Thanks for all your help....


----------



## OES (Jan 23, 2002)

*No*



[schmick] said:


> Hi Everybody,
> 
> Just wanted to know if people thought there was a significant difference between a bike equipment with full Shimano 105 Components and a bike equipment with full Shimano Ultegra Components?
> 
> ...


and no.


----------



## MR_GRUMPY (Aug 21, 2002)

Only for your ego. Ultegra parts cost more, so they must be "Better". The truth is, the only difference is finish and weight. If you're thinking of putting either 105 or Ultegra on a bike, the 1/2 pound (or less), you save, won't make any difference.
Ultegra looks nicer. If that is important to you, go with it.


----------



## johnny99 (Apr 2, 2004)

When you're shopping for complete bikes, remember that an Ultegra-equipped bike often comes with nicer wheels and fork than a 105-equipped bike. In many cases, the wheel and fork upgrades will give you a bigger performance boost than Ultegra vs. 105.


----------



## LC (Jan 28, 2004)

The main thing you will notice is how shiny the parts are, but there are some functional differences as well. Better seals on the bearings is one thing, and the bearings in the STI shifters are better on Ultegra so after you have the parts a few years they will not be as sloppy. There are little things like self extracting crank arm bolts that are better when it come time for some maintenance. The cassette is a lot lighter with the aluminum carrier, and the chainrings of Ultegra last quite a bit longer too. 105 is good stuff and when new it is impossible to tell any difference while riding, but I think Ultegra is worth the price if you have the money for it and if you happen to ever sell the resale value is better too..


----------



## kure (Jun 29, 2004)

*lemmi get this str8*

ok ive been reading all these"ultegra Vs 105" Ultegra Vs D/A" everybody seems to say there is not much of a Difference beteween ultegra an 105 apart from weith... an then again most people also say Ultegra and D/a is not much of a difference 

so are we saying that 105 Vs D/A is not much of a difference in performance?????take out the weight factor..


----------



## Flying Irishman (Mar 23, 2004)

I have both 105 and Ultegra equipped bikes and have very little difference between them. The Ultegra components due have a nicer finish, but personally if building a bike I'd go 105 and apply the savings to a nicer set of wheels.


----------



## 633 (Feb 10, 2004)

Johnny's point is a good one that on complete bikes, there's often a slightly better wheelset on the Ultegra model.

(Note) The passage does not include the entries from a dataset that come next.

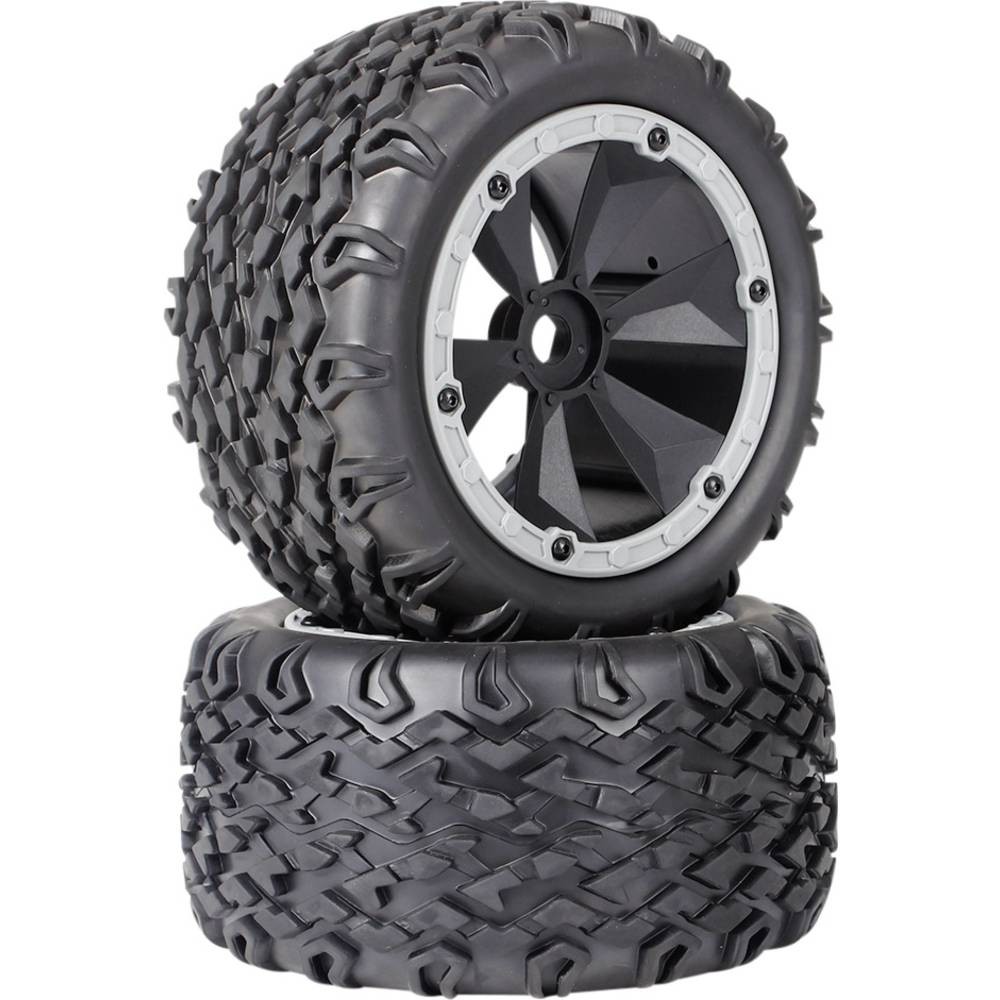 Pneus Reely 1:8 Monstertruck pour le franchissement et les sauts sur terre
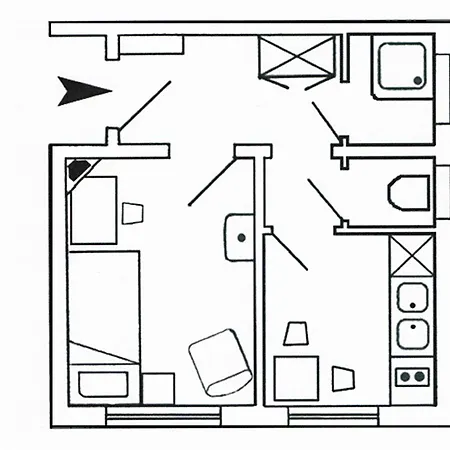 Ferienhaus Heißer Sand, Whg 3 Apartment *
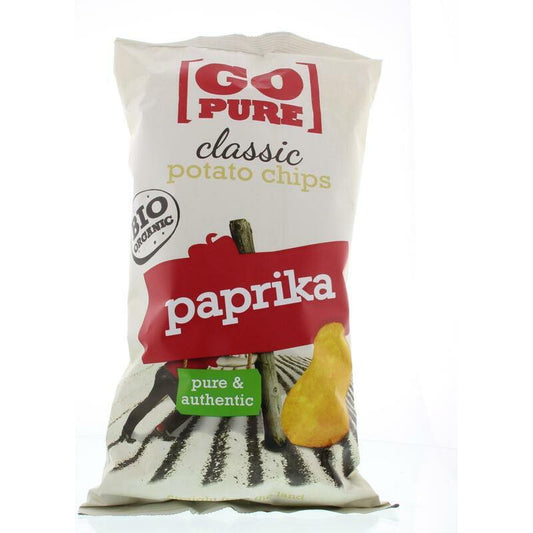 Go Pure Chips paprika bio 125g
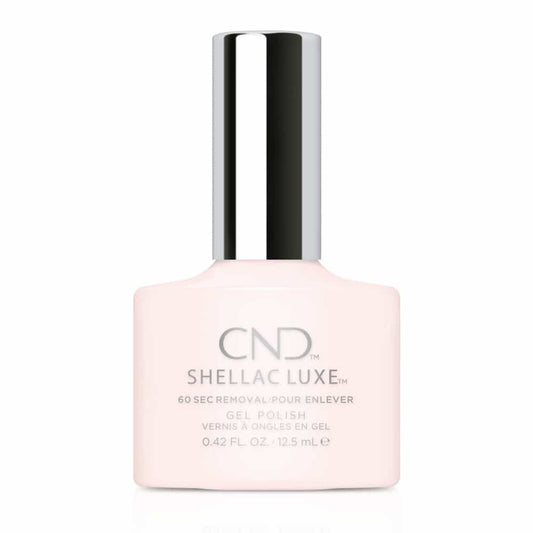 White Smoke CND Shellac Luxe Satin Slippers 0.42 fl oz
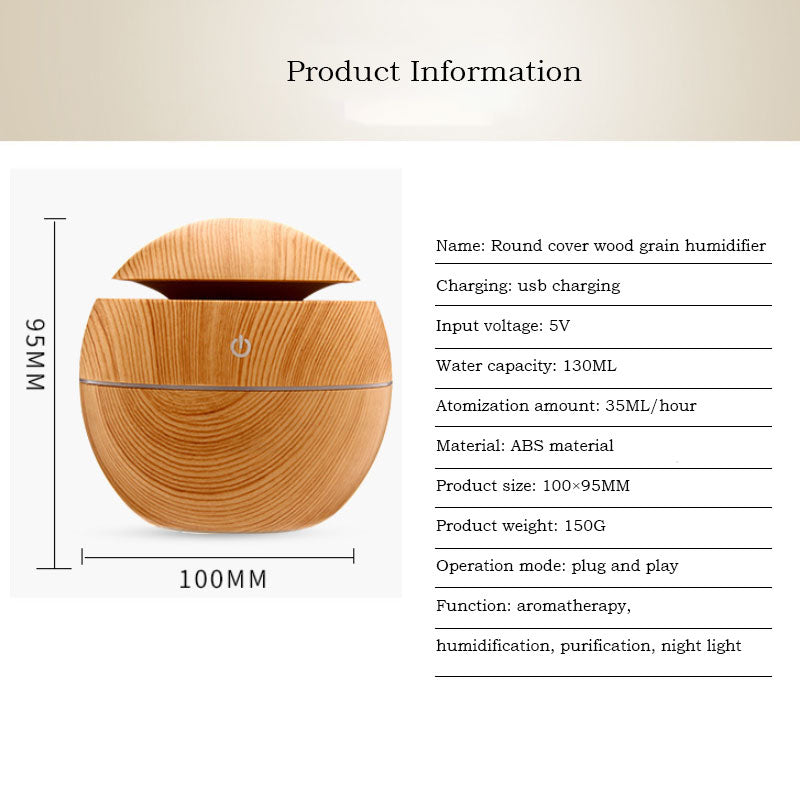 Wooden Aroma Diffuser Humidifier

And another factor to consider is resale value - Ultregra will be worth more than 105 when you go to sell the bike.

If you're building up a bike and buying the components and you don't plan to ever sell it, then there may not be any value in spending the extra money for Ultegra.

Do note, though, that Ultegra 10 is due out this fall, so value of Ultegra 9 may drop considerably - and if you can hold out for a couple more months (not sure when exactly it's due), you may pay a lot less as dealers try to clear out bikes with Ultegra 9.


----------



## bkranich (May 7, 2004)

633 said:


> Do note, though, that Ultegra 10 is due out this fall, so value of Ultegra 9 may drop considerably - and if you can hold out for a couple more months (not sure when exactly it's due), you may pay a lot less as dealers try to clear out bikes with Ultegra 9.


That's what I did when I was building up my Cannondale frameset with DuraAce 9. Never thought I'd spend the money for DA until it became so cheap because of the new bling-bling crankset/bb and 10 speed componentry. I'm not at a point where the difference between 10sp and 9sp stuff is going to hold me back. Once the 2005 stuff comes out there's probably not going to be much of a difference between old Ultegra and 105 stuff.


----------



## Jett (Mar 21, 2004)

kure said:


> ok ive been reading all these"ultegra Vs 105" Ultegra Vs D/A" everybody seems to say there is not much of a Difference beteween ultegra an 105 apart from weith... an then again most people also say Ultegra and D/a is not much of a difference
> 
> so are we saying that 105 Vs D/A is not much of a difference in performance?????take out the weight factor..



Your logic is off here. Let say we can quantify the performance difference between component groups and that a value less then 1 is not a noticeable increase performance. Now, let say that going from 105 to Ultegra rates a .6 and going from Ultegra to DA rates a .8. Both those rating are under 1 so there is not a real noticeable increase in performance in either one of these upgrade paths. If we do the math going from 105 to DA would rate a 1.4, which translate into a noticeable increase in performance.

Now I just want to make it clear, I’m not say there is a noticeable increase in performance going from 105 to DA (or there isn't). These are numbers I just pulled out of thin air to point out the hole in your logic. You probably can’t even quantify difference in components.


----------